Sie folgten 2016 von der Süddeutschen Zeitung, wo Sie zuletzt als Politik-Redakteur arbeiteten, einem Ruf an das Journalistische Seminar der Johannes Gutenberg-Universität Mainz, wo Sie seither als Professor lehren und forschen. Sie waren bei der SZ an den mitunter spannendsten und zugleich auch anspruchsvollsten Themen beteiligt – wie schwer fiel Ihnen die Entscheidung für die Universitätslaufbahn?

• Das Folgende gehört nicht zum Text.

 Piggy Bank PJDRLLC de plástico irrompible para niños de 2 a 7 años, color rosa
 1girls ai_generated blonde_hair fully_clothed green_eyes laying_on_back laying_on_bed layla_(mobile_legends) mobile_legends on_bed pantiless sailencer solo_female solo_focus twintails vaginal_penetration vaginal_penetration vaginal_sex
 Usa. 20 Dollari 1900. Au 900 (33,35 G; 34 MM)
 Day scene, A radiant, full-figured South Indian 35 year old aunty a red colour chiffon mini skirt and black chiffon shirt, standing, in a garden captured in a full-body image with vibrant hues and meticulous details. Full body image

Ganz leicht fiel es mir nicht, denn es war eine gute Zeit und sehr interessant für mich bei der SZ. Neben dem journalistischen schlägt aber auch ein akademisches Herz in meiner Brust. Wieder stärker in die Forschung eingebunden zu sein und sich intensiver auch auf theoretische Fragen einzulassen, ist reizvoll für mich. Und es macht es mir Freude, Jüngere zu fördern und zu sehen, welche tollen Menschen in die Redaktionen nachrücken werden. Ich habe mich nicht vom Journalismus abgewandt, im Gegenteil.

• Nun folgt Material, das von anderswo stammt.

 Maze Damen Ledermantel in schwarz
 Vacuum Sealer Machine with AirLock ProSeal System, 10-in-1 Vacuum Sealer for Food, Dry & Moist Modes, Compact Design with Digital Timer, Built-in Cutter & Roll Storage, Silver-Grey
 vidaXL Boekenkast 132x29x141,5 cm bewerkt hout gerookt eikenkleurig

Sie publizieren über Journalismus, Sie lehren das Handwerk: Können Sie mit Ihrer Arbeit dazu beitragen, Fach-Kolleg*innen und Studierende zu mehr Reflektion über das eigene Tun anregen?

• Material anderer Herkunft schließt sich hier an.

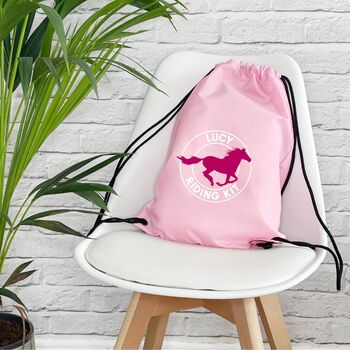Girls Personalised Horse Riding Hat Bag/Gym Bag, 3 of 6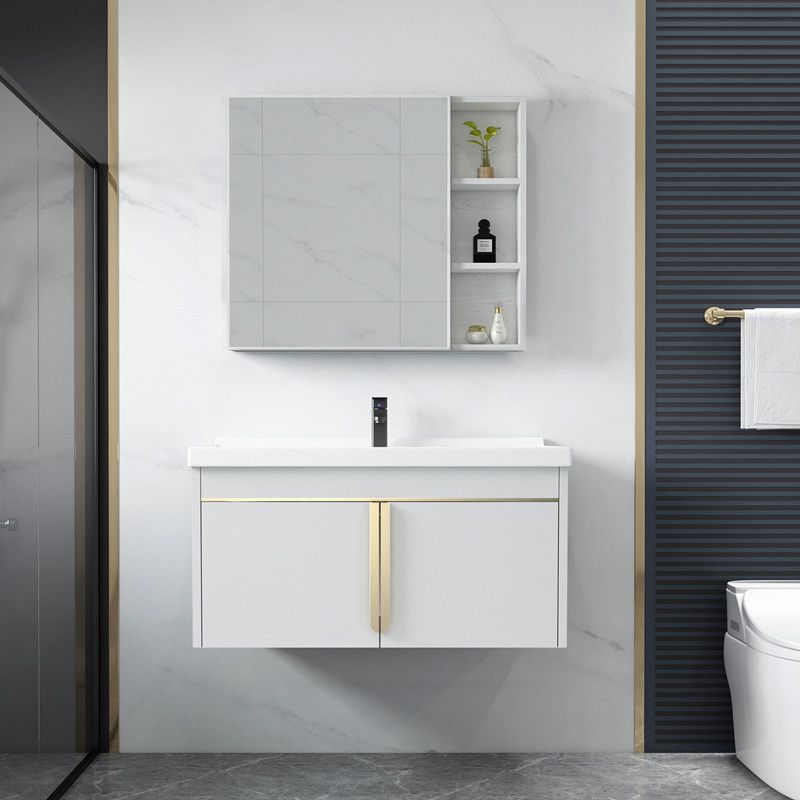 Contemporary Wall Mount Bath Vanity Mirror Cabinet Vanity Cabinet with Storage Shelving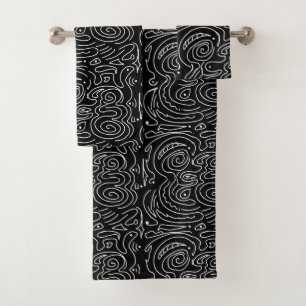 White swirly lines on black bath towel set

Das hoffe ich natürlich. Als Lehrender sollte man sich aber nicht überschätzen, meine Studierenden lernen sicherlich vieles von allein und auch viel voneinander. Dafür brauchen sie allerdings Gelegenheiten. Und wenn ich außer den zentralen Regeln des Handwerks, die ich vermittle, zum Nachdenken anregen oder ein paar hilfreiche Hinweise geben kann: umso besser. Das Zweifeln zu kultivieren, das ist mir wichtig. Couragiert und kritisch den Mächtigen begegnen – unbedingt! Sich aber nicht einbilden, die Weisheit gelöffelt zu haben. Fast immer sind die Dinge, wenn man sie noch weiter und noch tiefer recherchiert, doch etwas komplizierter, als es zunächst aussah.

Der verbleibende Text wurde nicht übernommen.